Bron; www.beautynieuws.nl

Het kan zijn dat je niet goed reageert (allergisch bent of overgevoelig) op scheerschuim/gel. Misschien kan je dan een ander merk proberen?
Het regelmatig scrubben van de geschoren huid kan irritatie en ingegroeide haren voorkomen.
Je kan je insmeren met een lotion/creme/olie om de huid te verzachten na het scheren.

Ikzelf heb een gevoelige huid.
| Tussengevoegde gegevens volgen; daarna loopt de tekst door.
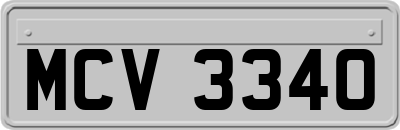 MCV3340
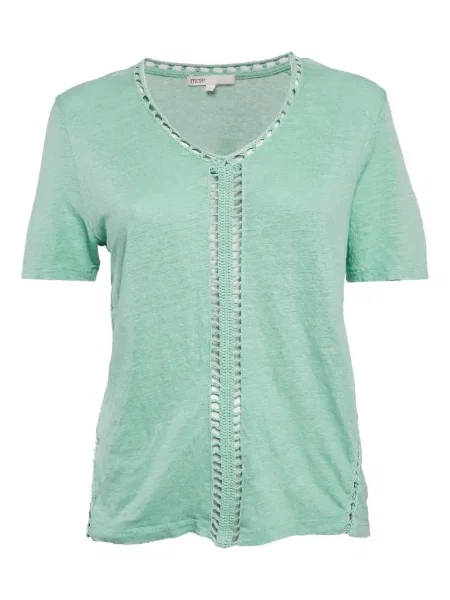 Tricou Maje de in albastru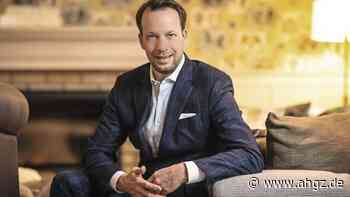 Lanserhof : Christian Siegling ist COO
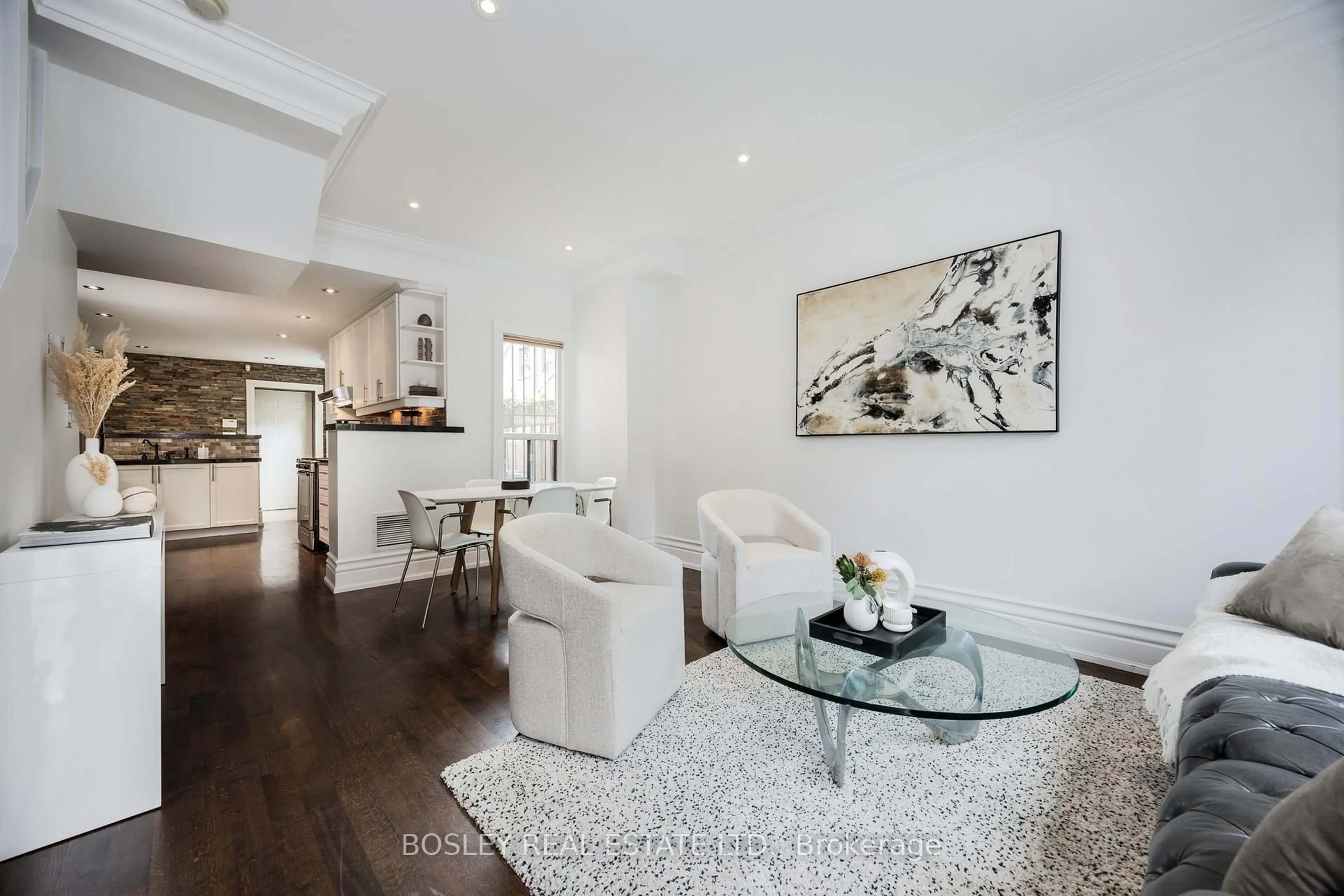 Unknown for 4 Whitaker Ave, Toronto Ontario M6J 1A1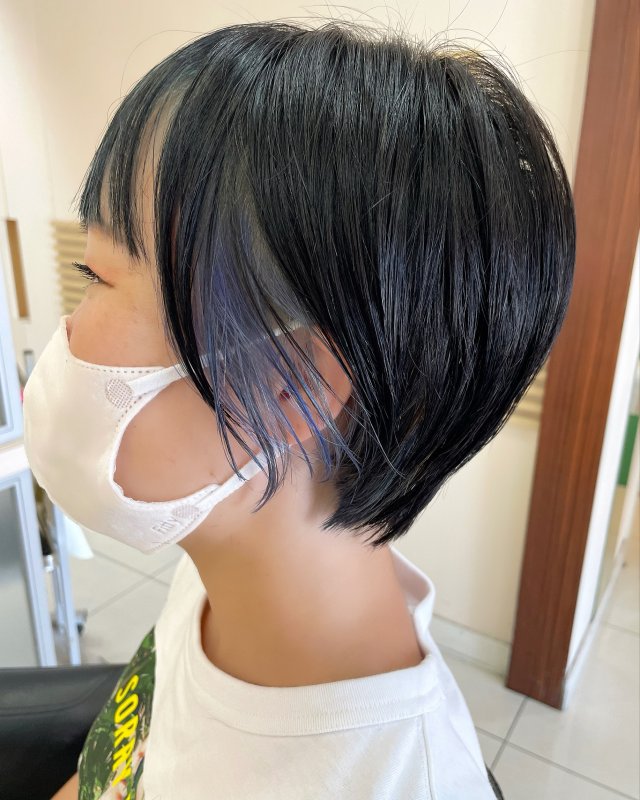 インナーカラー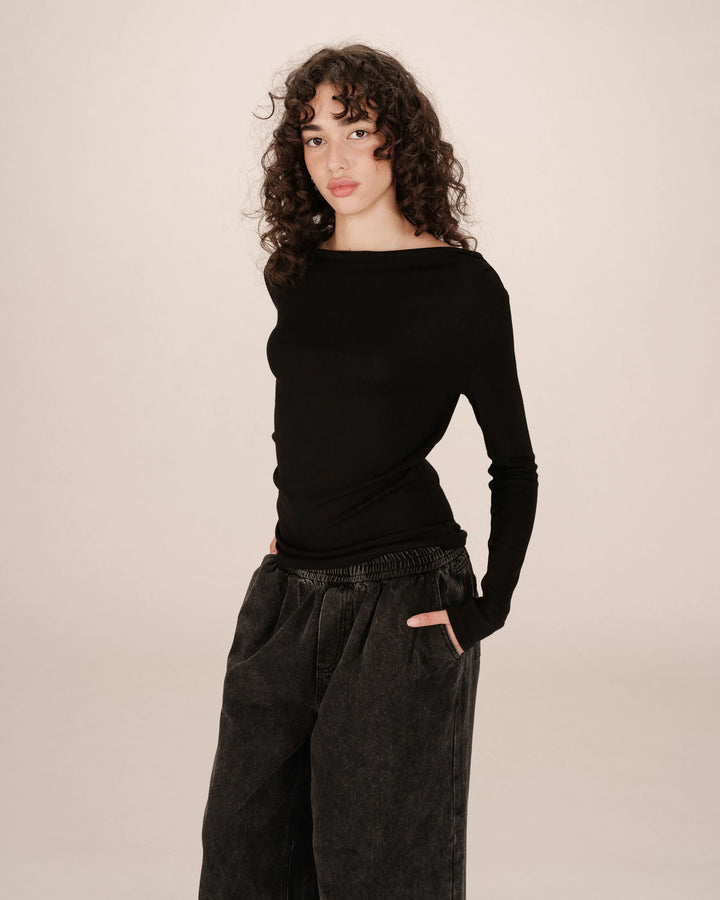 Grace&Mila - Sioux Long-sleeved T-shirt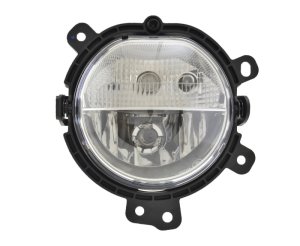 Mini Cooper Fog Light Assembly - Right - Hella - OE Replacement - `14-`15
Ik gebruik Gilette Venus, met scheerschuim voor de gevoelige huid, vaak als ik mij geschoren heb scrub ik mij met een 'zachte' schrubcreme van de Hema met cashmier extract erin en daarna smeer ik mij in met babyzalf of aloe vera creme (ik kan niet tegen creme's van Niveau en Dove).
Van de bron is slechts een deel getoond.